Cris’ Image Analysis Blog | Efficient algorithms vs efficient code

Efficient algorithms vs efficient code

By Cris Luengo on Sat 21 October 2017.

Since I have spent quite a bit of time porting 25-year old code, I have been confronted with the significant changes to CPU architecture over that time. Code in DIPlib used to be very efficient back then, but some optimizations did not age well at all. I want to show some examples here. It is nice to see that a little bit of effort into optimization can go a long way.

I also want to give a quick example of a highly optimized implementation of an inefficient algorithm, which highlights the difference between algorithms and code.

Optimal cache usage

Everybody looking to process larger amounts of data has run into cache miss problems. For any sort of algorithm applied on a data set, the execution time as a function of data set size always has two distinct slopes, with a break when the data set size first exceeds the cache size. Execution speed greatly diminishes at this point. For such large data sets, it is very important to pick the algorithm that best uses the cache, which always involves reading data in storage order, or most frequently accessing contiguous portions of the data.

The old DIPlib (the versions up to and including the current official release) uses a method of reading and writing pixel data that made a significant speed difference on the architectures that existed 25 years ago.
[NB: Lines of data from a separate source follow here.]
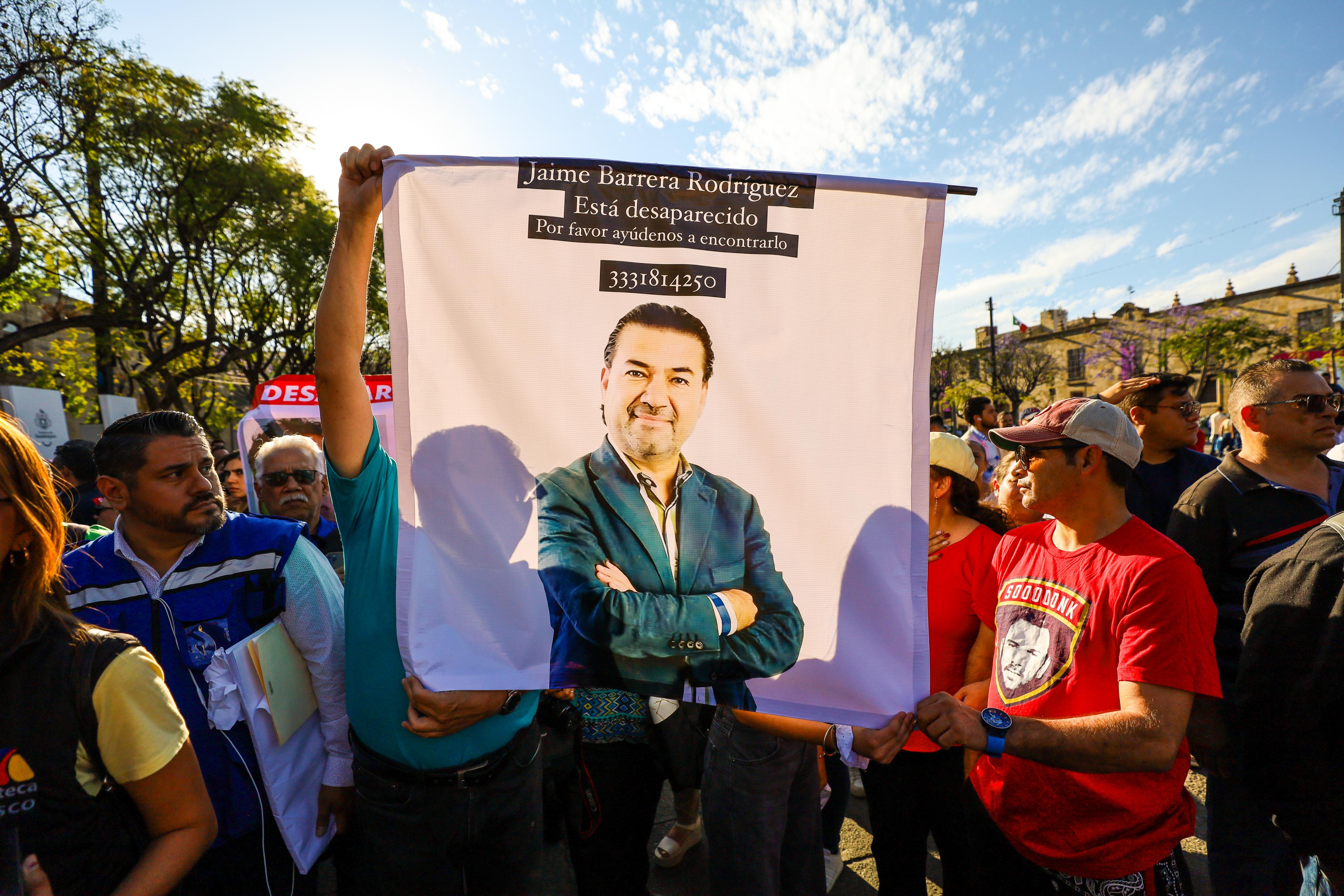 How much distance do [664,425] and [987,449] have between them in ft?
20.2

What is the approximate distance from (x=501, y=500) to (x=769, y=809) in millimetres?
1349

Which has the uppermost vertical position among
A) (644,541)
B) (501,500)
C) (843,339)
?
(843,339)

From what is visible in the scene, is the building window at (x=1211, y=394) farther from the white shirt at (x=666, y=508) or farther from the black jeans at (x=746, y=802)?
the white shirt at (x=666, y=508)

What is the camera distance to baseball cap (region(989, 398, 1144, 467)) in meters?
1.90

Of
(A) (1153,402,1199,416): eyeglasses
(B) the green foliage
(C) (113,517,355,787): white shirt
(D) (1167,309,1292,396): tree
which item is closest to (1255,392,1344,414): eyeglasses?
(A) (1153,402,1199,416): eyeglasses

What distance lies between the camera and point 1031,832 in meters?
1.84

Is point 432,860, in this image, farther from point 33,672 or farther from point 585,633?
point 33,672

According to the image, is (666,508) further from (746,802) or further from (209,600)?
(209,600)

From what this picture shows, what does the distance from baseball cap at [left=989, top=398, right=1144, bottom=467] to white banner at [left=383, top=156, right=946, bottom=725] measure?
27.9 inches

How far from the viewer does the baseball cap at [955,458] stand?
8.95 ft

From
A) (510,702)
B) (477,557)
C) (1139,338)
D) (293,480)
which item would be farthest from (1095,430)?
(1139,338)

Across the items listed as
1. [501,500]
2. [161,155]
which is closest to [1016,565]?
[501,500]

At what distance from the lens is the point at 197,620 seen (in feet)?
6.38

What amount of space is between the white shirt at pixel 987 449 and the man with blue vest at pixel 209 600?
5.59m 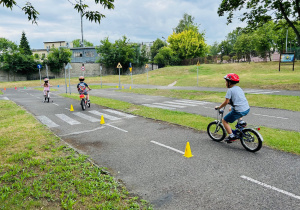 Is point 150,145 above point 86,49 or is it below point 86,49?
below

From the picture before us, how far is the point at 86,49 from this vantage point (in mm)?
64312

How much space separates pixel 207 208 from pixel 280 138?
15.0 feet

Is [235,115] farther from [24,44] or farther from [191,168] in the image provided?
[24,44]

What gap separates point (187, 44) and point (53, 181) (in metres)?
61.4

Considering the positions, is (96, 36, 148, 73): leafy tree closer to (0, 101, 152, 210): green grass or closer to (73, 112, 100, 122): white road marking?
(73, 112, 100, 122): white road marking

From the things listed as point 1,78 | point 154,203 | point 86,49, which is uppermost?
point 86,49

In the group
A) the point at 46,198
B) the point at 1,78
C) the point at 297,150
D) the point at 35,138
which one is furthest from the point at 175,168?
the point at 1,78

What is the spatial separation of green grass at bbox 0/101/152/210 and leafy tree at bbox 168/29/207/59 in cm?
5947

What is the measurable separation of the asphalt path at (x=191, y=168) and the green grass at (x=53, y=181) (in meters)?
0.36


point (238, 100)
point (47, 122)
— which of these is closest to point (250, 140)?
point (238, 100)

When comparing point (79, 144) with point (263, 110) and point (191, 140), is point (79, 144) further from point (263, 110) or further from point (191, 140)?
point (263, 110)

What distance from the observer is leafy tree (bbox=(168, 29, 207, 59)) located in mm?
61734

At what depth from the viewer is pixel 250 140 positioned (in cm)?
574

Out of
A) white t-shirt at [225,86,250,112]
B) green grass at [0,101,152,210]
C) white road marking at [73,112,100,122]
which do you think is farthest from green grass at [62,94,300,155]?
green grass at [0,101,152,210]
My colleague Geert van Kempen even wrote a paper about this method. Very simply put, if one processes an image by rows first, and then by columns (as one does with any separable filter), this method will write the rows as columns during the first step. The second step then again reads rows and writes columns. In effect, the image was transposed in each step. The advantage stems from the filter then always reads image rows (which are stored contiguously), and thus optimally uses the cache. This method is no longer used in DIPlib 3.0, as any advantages in cache usage are now insignificant due to changes in cache management. Because even though the method uses the cache optimally for reading, it uses it in the worst possible way for writing, which apparently is not what modern processors are optimized to do.

This is to say, explicit optimizations for one specific hardware system can slow down execution on different hardware. I usually prefer keeping code simple and straight-forward. This has several advantages: shorter code leads to fewer cache misses when loading instructions; simple code is easier to optimize for the compiler; and most importantly, it’s easier to read and maintain.

Conditional jumps

Another obvious difference in hardware from 25 years ago to now is pipelining. Back in the day, an “if” statement (which leads to a conditional jump in machine code) took one clock cycle on most hardware, and a floating-point multiplication took several clock cycles. An “if” statement was relatively cheap. Today, all processors use what is called a pipeline: an instruction that takes 8 clock cycles can be started every clock cycle, filling up a pipeline. If code can be written such that the result of one operation is independent of the result of the previous operation, then this second operation can be started on the same pipeline before the previous operation finished. It is possible to compute 1000 8-clock-cycle operations in 1007 clock cycles. However, a conditional jump throws a wrench into this: if the jump depends on the result of a computation, the processor has to wait for the computation to be finished to know where to jump to (or rather, whether to jump or not). Modern processors use branch prediction to determine what the most likely outcome is, and start computing towards that outcome. But if the prediction was wrong, things have to be rewound and one loses a lot of time. Thus, in modern processors, one tries to avoid “if” statements within loops.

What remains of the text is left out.